GIVEN MATERIAL:
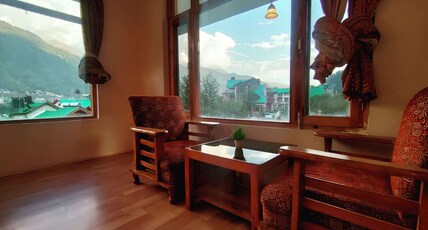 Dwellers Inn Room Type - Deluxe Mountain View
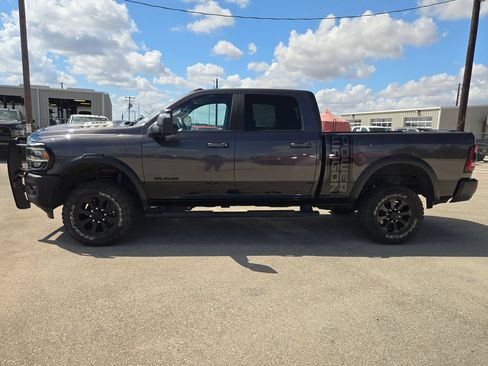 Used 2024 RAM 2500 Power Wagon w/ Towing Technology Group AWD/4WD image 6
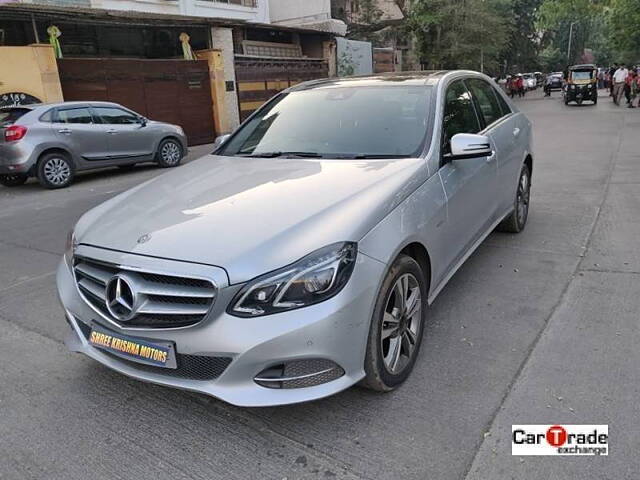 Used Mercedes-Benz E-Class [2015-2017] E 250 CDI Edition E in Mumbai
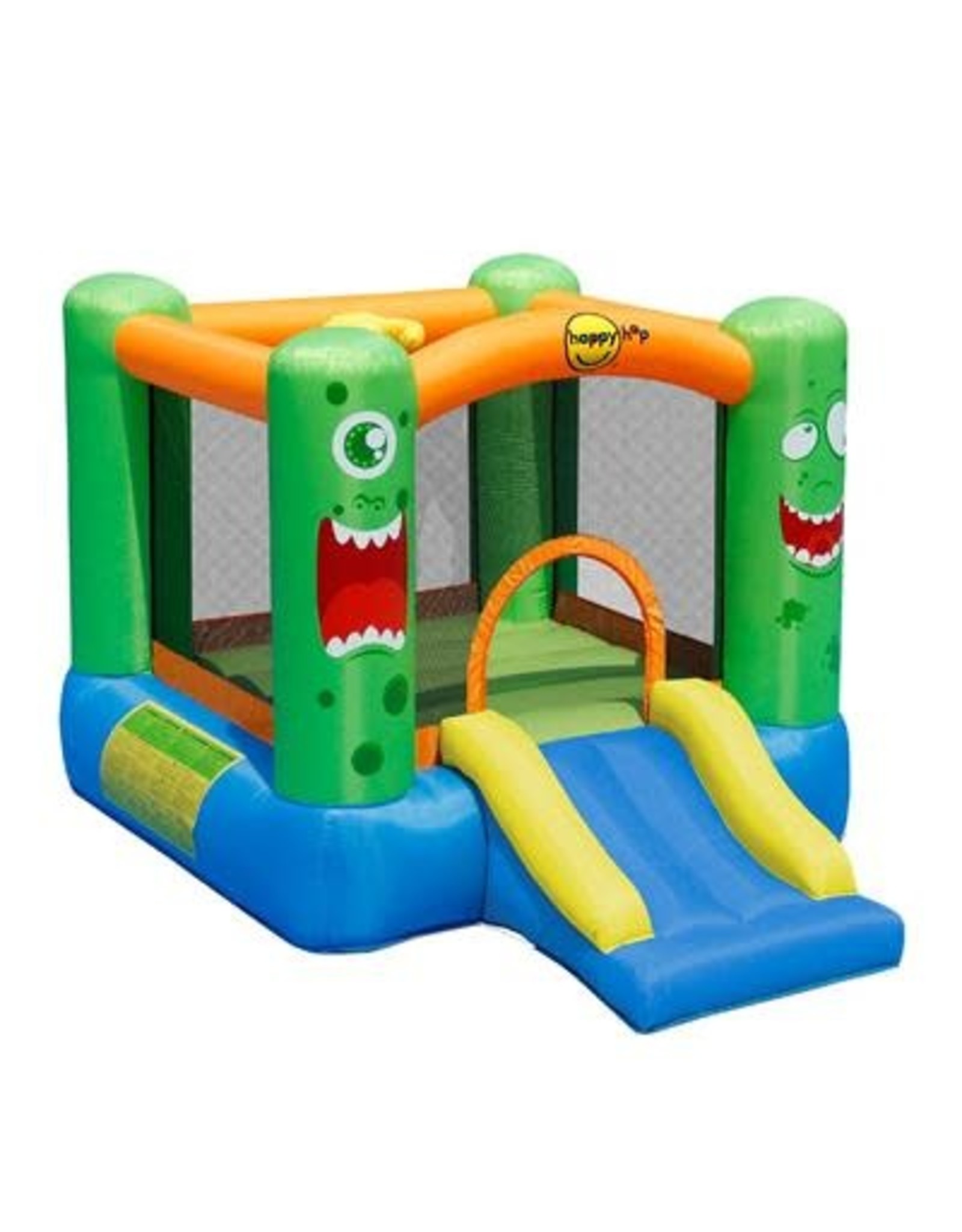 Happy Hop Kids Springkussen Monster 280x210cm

TASK INSTRUCTIONS: Your copy of the listing should match it exactly, apart from the pictures, which are left out.

REPLY TO THE EXERCISE:
 Dwellers Inn Room Type - Deluxe Mountain View
 Used 2024 RAM 2500 Power Wagon w/ Towing Technology Group AWD/4WD image 6
 Used Mercedes-Benz E-Class [2015-2017] E 250 CDI Edition E in Mumbai
 Happy Hop Kids Springkussen Monster 280x210cm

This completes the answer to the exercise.